Only a few days to go until December and the white stuff is now descending on Fyne Place.
No, not a hot latte or Milky Bar chocolate or Santa’s beard, yet, but the cold, wet white stuff that brings joy to skiers, misery to motorists, relief to unsightly gardens and more pressure on A&E departments as people pirouette painfully and skite about like failed auditionees for Dancing on Ice.
I’m fortunate to have an excellent, albeit occasionally noisy, snow-clearing machine here that handles all but the deepest drifts. It’s a joy to watch as daylight breaks. But enough about Mrs F. All I can usually see of her through her head-to-toe winter gear is her eyes as she manfully shovels the snow aside, looking like a picture of a coal miner in negative.
If the eyes are wide and bright, all is well, but if they’re narrowed and focused like an angry sparrowhawk, it’s time I stopped slouching and did more shovelling.
The first snow flurries not only bring out the skis and sledges but also those poor deluded souls who think that just because they have big four-wheel-drive vehicles in which they’ve lumbered around expensively since last winter, it now means they are immune from treacherous road conditions and can speed about like would-be Max Verstappens, cocking an arrogant snook at those of us in more humble modes of transport.
They are easy to spot; they’re the ones subsequently standing forlornly by their vehicles waiting for a tractor to come and pull them out of the ditch they’ve careered into. Touché, I say.

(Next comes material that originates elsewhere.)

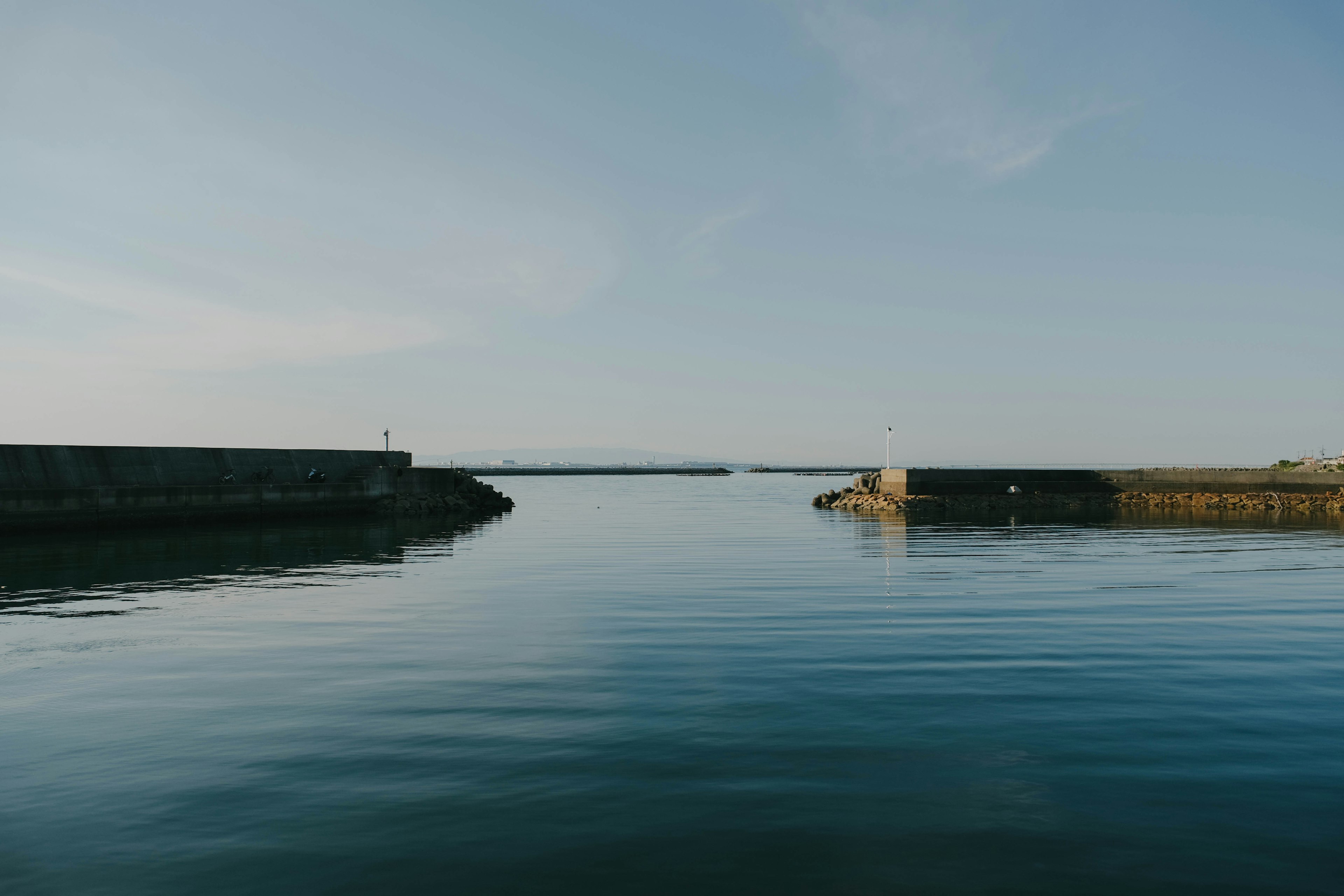 Calm harbor water surface under blue sky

My diary shows that this weekend last year, we were enjoying the brief respite between the end of the summer lockdown and the start of the Christmas one by spending time walking in the hills in glorious blue-sky sunny weather.
I have pictures of us with not a snowflake in sight, and by that I mean the natural ones, thankfully not the modern Millennials of the so-called “Generation Snowflake”; people who are self-obsessed and fragile, easily offended, or unable to deal with opposing opinions.
There was a veritable blizzard of them exercising their indignation when the public artwork, The Gathering Place, was unveiled on the banks of the River Ness at Inverness last month.
I spent time sitting there this week, not only recalling my own eye-watering Highland gathering when I walked quickly away from the car not realising my kilt was caught in the door, but also trying to fathom how the brief to create something that “re-connects the city with the river, drawing out its stories, engendering a sense of place and creating access to the river”, became an undistinguished stone pier with, currently, no access for people with disabilities.
It’s not unpleasant. It’s arguably quite good. The Moray-sourced stone is a splendidly mellow colour and the structure largely inoffensive, but for the money I reckon an opportunity has been missed.
I like public artworks and many bring benefit to the places in which they’re found. Take the wonderful Kelpies near Falkirk, the iconic Angel of the North near Newcastle, the witty clock on legs near Glasgow’s Buchanan Street bus station, the M8’s heavy horse or Arria, the colourful female figure standing beside the M80 at Cumbernauld. Each is distinctive, photogenic and memorable. Even Evanton’s Fyrish monument has a certain mystique and beauty about it.
Not so The Gathering Place, sadly. I can’t imagine hordes of foreign tourists snapping away with smartphones to post images of it to family and friends back home, nor can I imagine visitors detouring just to visit it.
Inverness could have done better with a brochure-busting icon that said more about the unrivalled heritage and vision of the city, the Highlands and Scotland in general.
Perhaps opinion will see-saw in future, unlike the subsequently abandoned plan for such a structure beside the Ness, but I’m not convinced.
Anyway, Mrs F quite likes it so that’s the end of the matter.
Worryingly, she thinks I might have a hint of frosty snowflake about me now. I hope not, but her eyes are narrowing menacingly so that means it’s time I gathered my thoughts, boots and bobble-hat and started shovelling, too.